*** Opening SUPPLIED MATERIAL ***
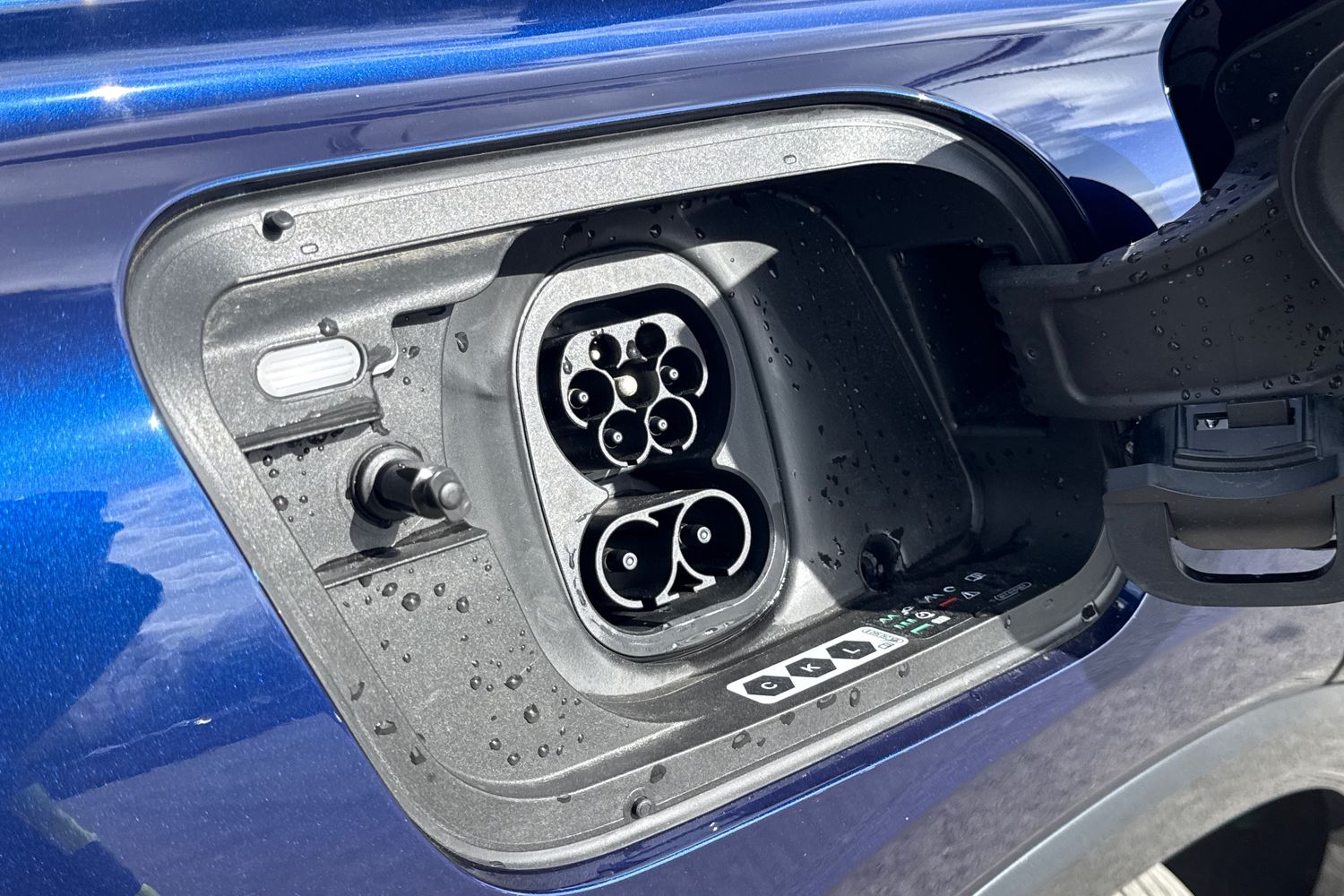 Used Audi Q4 e-tron 2026 for sale - 78210838: Photo 32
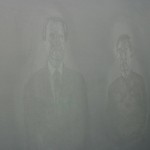 Warm 2 125x190cm 2010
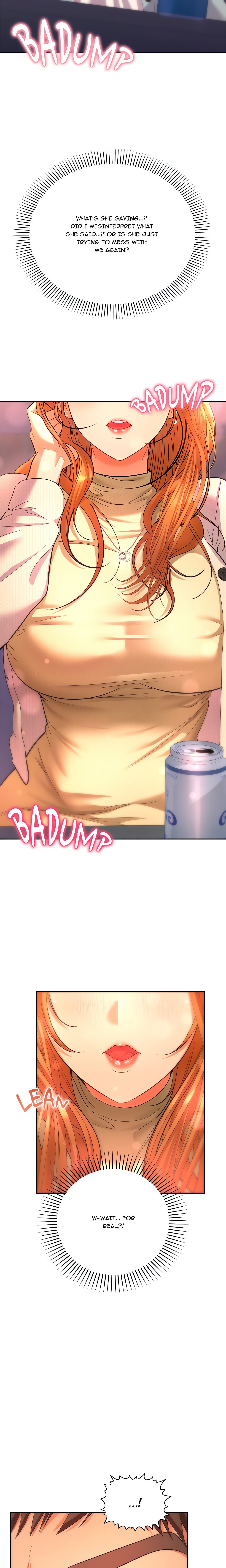Everyone’s Man (Uncensored) chapter 2 page 23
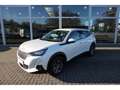 Peugeot 2008 (e-) Active Navi SHZ Kamera scheckheft Weiß - thumbnail 1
*** Closing SUPPLIED MATERIAL ***
--- EXERCISE DIRECTIONS ---
Return, exactly and without extra lines, everything from the line with "Everyone’s Man (Uncensored) chapter 2 page 23" through the last line of the material above, both included. Pictures must be dropped.

--- SOLVED EXERCISE ---
Everyone’s Man (Uncensored) chapter 2 page 23
 Peugeot 2008 (e-) Active Navi SHZ Kamera scheckheft Weiß - thumbnail 1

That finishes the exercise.